[Stored data]
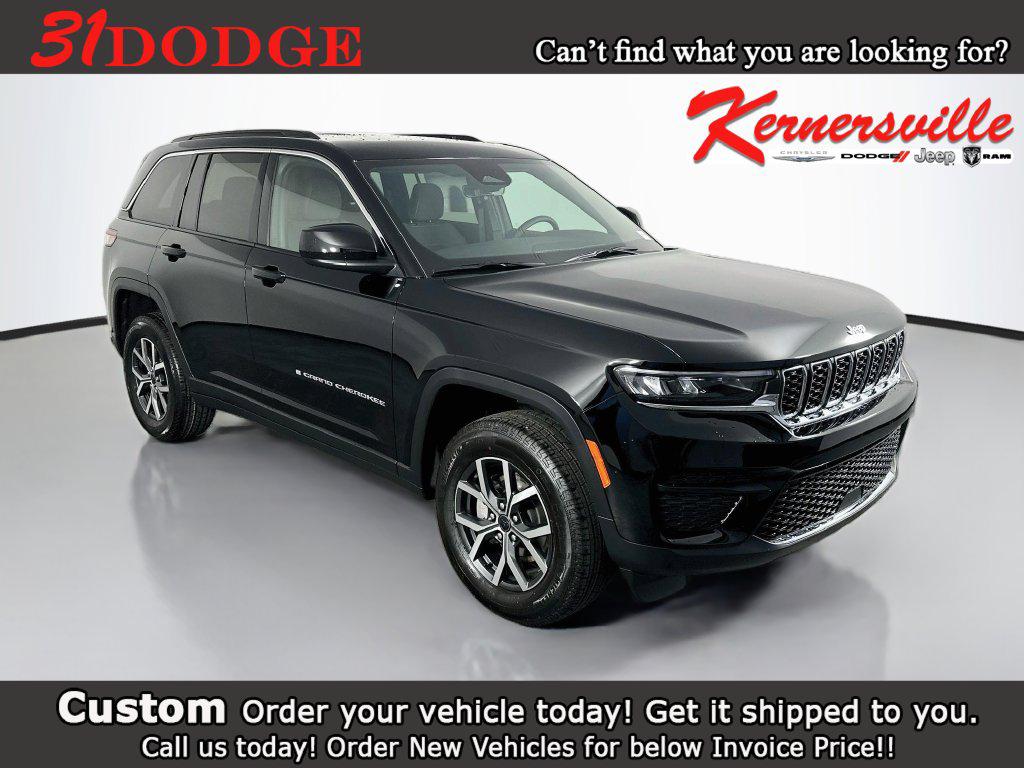 New 2027 Jeep Grand Cherokee Laredo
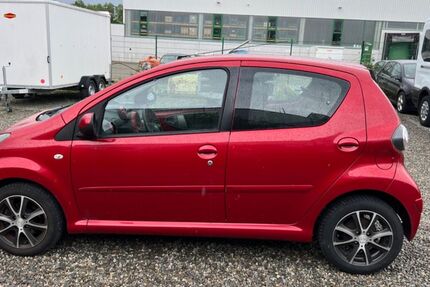 Toyota Aygo (X) 182.316 km 1.990 &euro; Waldbröl 51545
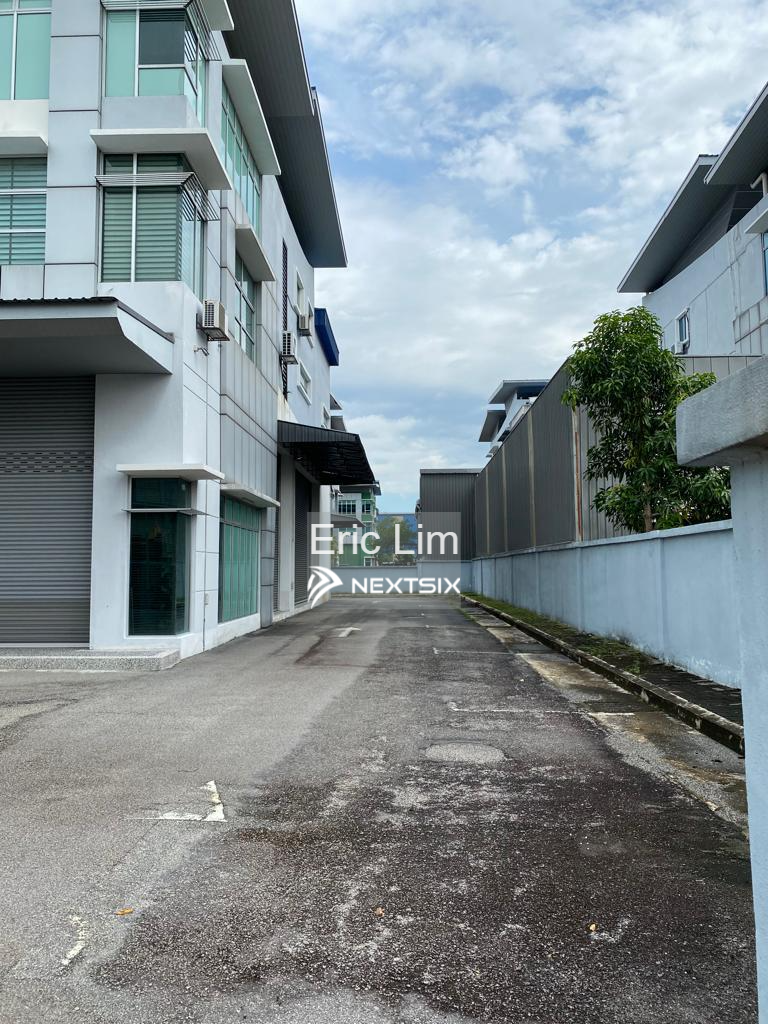 Semi-D Factory For Sale in Bukit Jelutong Selangor - Image 2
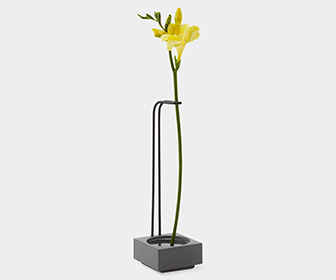 Fountain Vase - Flowers Stay Fresh Longer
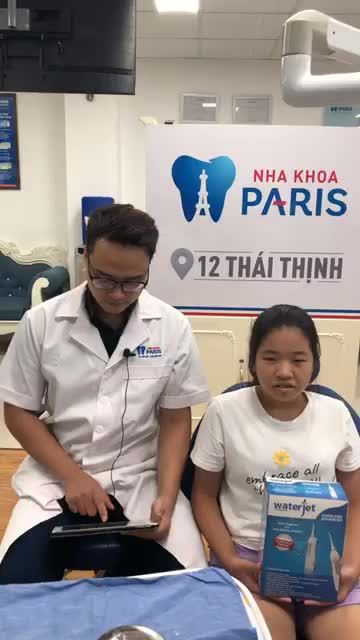 Nguyễn Khánh Linh (2008 ) niềng răng mắc cài kim loại tự buộc của bs Lại Văn Thái Hà hệ thống nha khoa Paris chi nhánh 12 Thái Thịnh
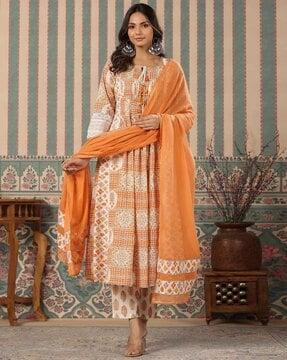 floral anarkali kurta pants set with dupatta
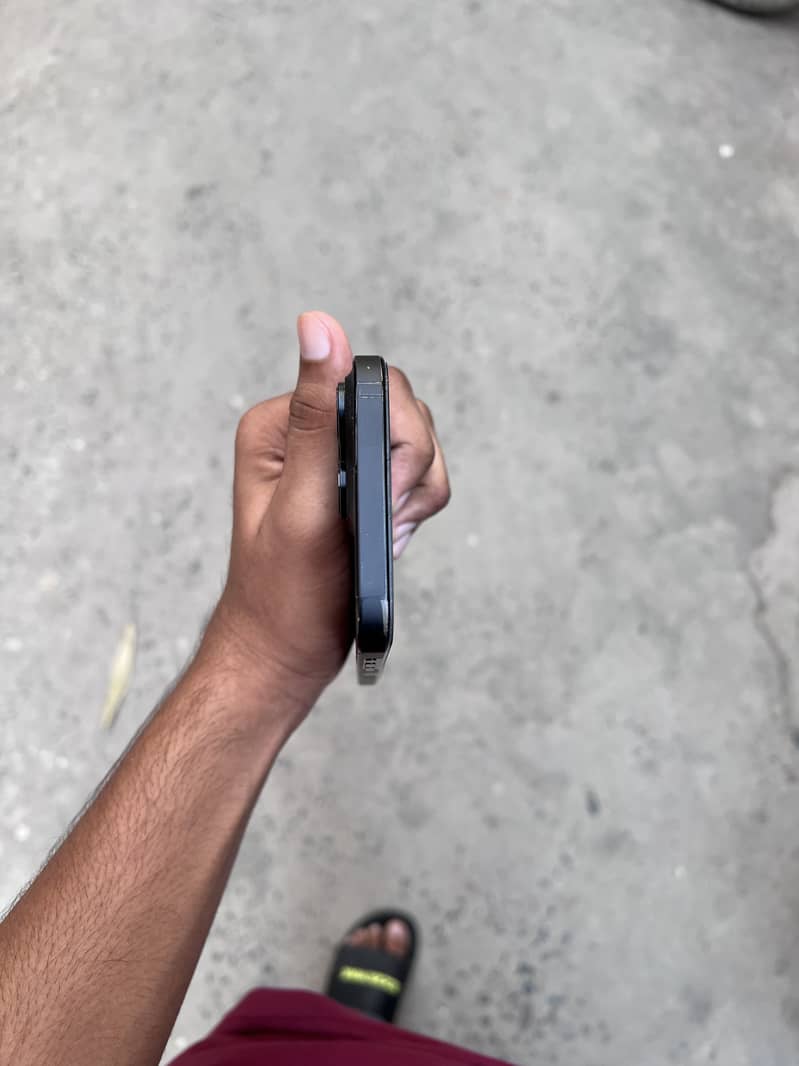 Apple iPhone 16 Pro Max 3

What to produce> Would you please repeat all the data word for word, but without the pictures?

Result of the task>
 New 2027 Jeep Grand Cherokee Laredo
 Toyota Aygo (X) 182.316 km 1.990 &euro; Waldbröl 51545
 Semi-D Factory For Sale in Bukit Jelutong Selangor - Image 2
 Fountain Vase - Flowers Stay Fresh Longer
 Nguyễn Khánh Linh (2008 ) niềng răng mắc cài kim loại tự buộc của bs Lại Văn Thái Hà hệ thống nha khoa Paris chi nhánh 12 Thái Thịnh
 floral anarkali kurta pants set with dupatta
 Apple iPhone 16 Pro Max 3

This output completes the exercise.